Grand Hyatt Seoul
Daily price line
Upcoming nightly rates
Review
Character and identity
Perched on the slopes of Namsan and spread across 23 landscaped acres, this 615-room glass tower has the unusual feel of a resort dropped into central Seoul. The lobby sets the tone: high ceilings, stone and wood, soft light, and live jazz drifting from the Gallery lounge. Rooms, refreshed in 2019, pull from Korean visual traditions (hanok photography, bojagi-inspired wood patterns) without feeling themed. Eleven restaurants and bars include the omakase counter Kauri and The Paris Bar, while Club Olympus offers saunas, tennis, and an outdoor pool that becomes an ice rink in winter. Service is polished but unforced.
Who's it for
Best for:
Travellers who want a quiet, elevated base above the city rather than a street-level urban hotel. It suits business guests (every U.S. president since George H.W. Bush has stayed), couples after views and good cooking, and staycationers who'll use the wellness complex, pool/rink, and food alley across a long weekend.
Should look elsewhere:
Anyone who wants to walk straight out into shops, bars and restaurants will find the 20-minute uphill walk from Hangangjin Station a real friction, shuttles notwithstanding.
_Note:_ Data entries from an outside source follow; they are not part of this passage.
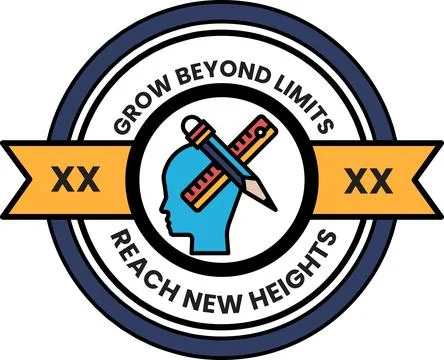 A logo for Grow Beyond Limits Reach New Heights Stock Illustration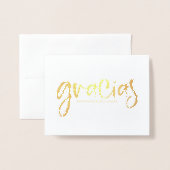 Gracias Niedlich Wedding Danke Foto Folienkarte (Vorderseite mit Umschlag)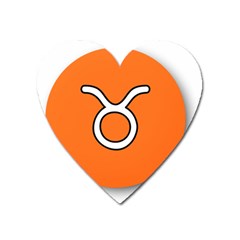 Taurus Symbol Sign Orange Heart Magnet by Mariart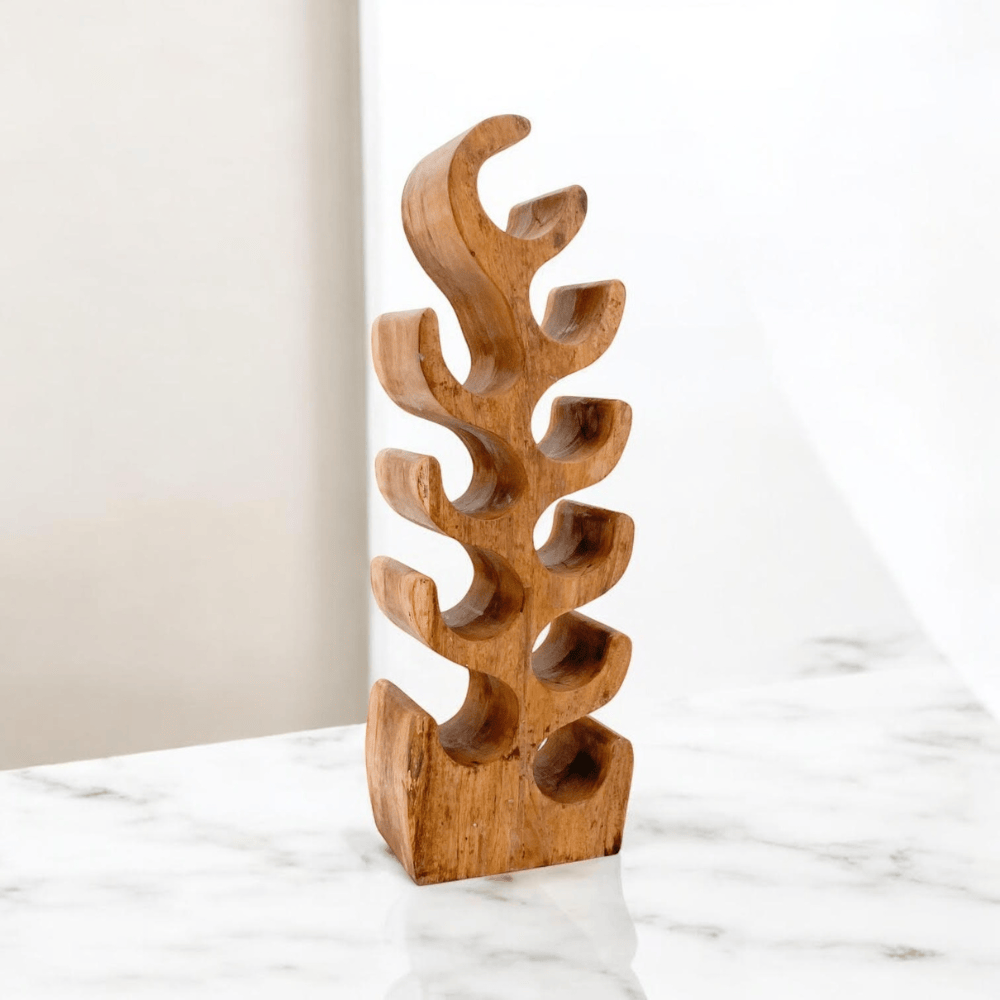 Wine Rack 10 Bottle Hand Carved Wine Rack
Families needing supervised childcare should note the kids' lounge is unstaffed.
Bottom line
What you're paying for here is the Namsan setting and the sheer breadth of the property: a genuine resort footprint, eleven food and drink venues, and a serious wellness complex inside Seoul itself. Book a mountain-view room with Club Access for the lounge breakfast and evening canapes, and don't skip a seat at Kauri.